May 21 '25 14:05 anktsrkr

@anktsrkr thanks for raising the issue! Yes - it is possible to download models from HuggingFace (HF) and consume them in Foundry Local. The only caveat it that the model should have a genai_config.json file in the folder on HF.

It is likely that when you downloaded from HF that it created symbolic links. To download into your cache directory without symbolic links:

huggingface-cli download REPO --local-dir ~/.foundry/cache/models

Where REPO is the name of the HF repository. If the REPO has many directories then you can download a specific directory using the --include option.

[!NOTE] We're working on having native HF support (pulling ONNX models) in Foundry Local in an upcoming update.
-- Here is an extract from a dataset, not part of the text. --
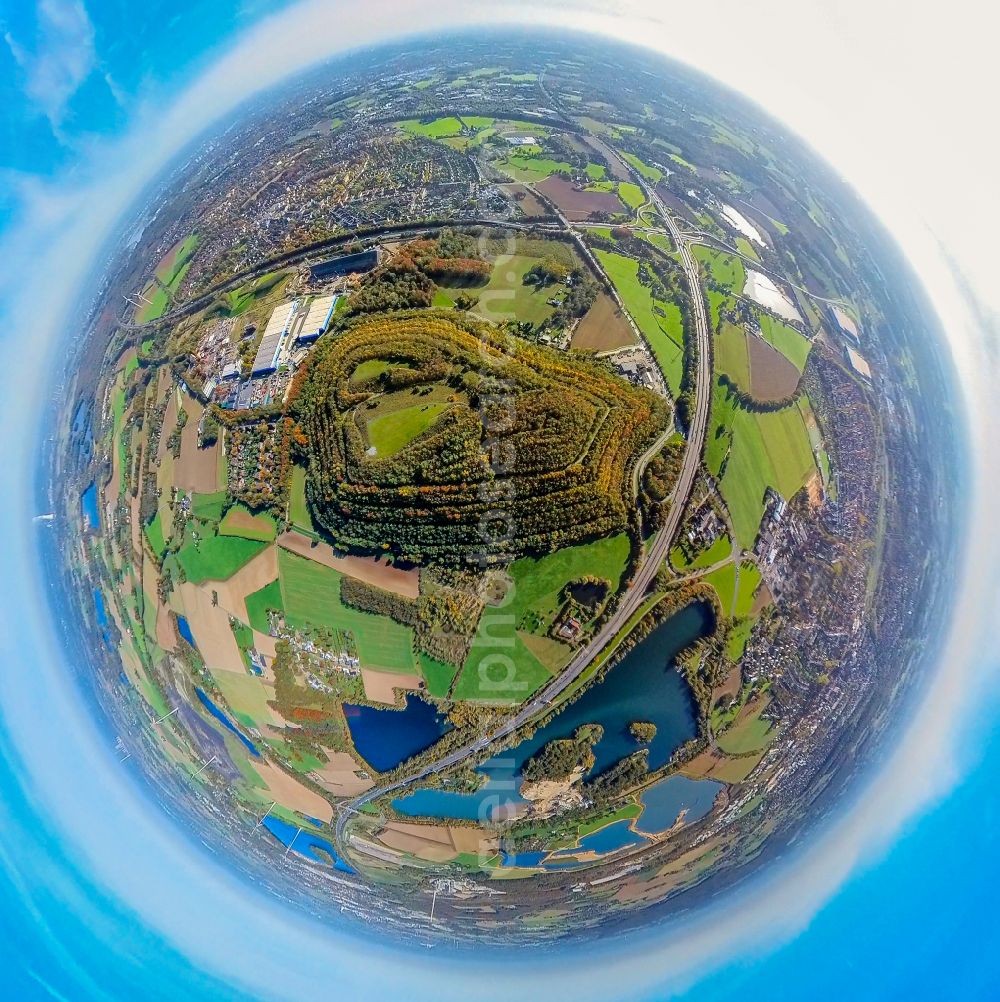 Muspasch from above - Fisheye perspective reclamation site of the former mining dump Halde Pattberg in Muspasch in the state North Rhine-Westphalia, Germany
May 21 '25 16:05 samuel100

Hey @samuel100 I tried the approach you described and was trying to run Qwen3-0.6B-ONNX. I renamed generation_config.json to genai_config.json, was able to discover -

However, while I am trying to run the model getting

while i compare with the phi4 which I have download, I certainly can see that has more properties.

Also, when I see genai_config.json I could imaging renaming is not the correct step.

Not sure what is the next step.

Btw! Thanks for the heads up about native HF support!

May 21 '25 18:05 anktsrkr

So, the genai_config.json is different to the generation_config.json. The genai_config.json is used by ONNX runtime and the repo you are using does not have that available.

Probably, the easiest way to create Qwen3-0.6B for Foundry Local is to use Olive. Detailed documentation on how to do this can be found on Compile Hugging Face models to run on Foundry Local.

In step 1 of the documentation it shows how to compile the meta-llama/Llama-3.2-1B-Instruct model. You'd need to update the command to:

olive auto-opt \
    --model_name_or_path Qwen/Qwen3-0.6B \
    --trust_remote_code \
    --output_path models/Qwen3-0.6B \
    --device cpu \
    --provider CPUExecutionProvider \
    --use_model_builder \
    --use_ort_genai \
    --precision int4 \
    --log_level 1

I appreciate having to run this yourself is a pain. Let me follow up with our team on how we can make this easier going forward.

May 26 '25 10:05 samuel100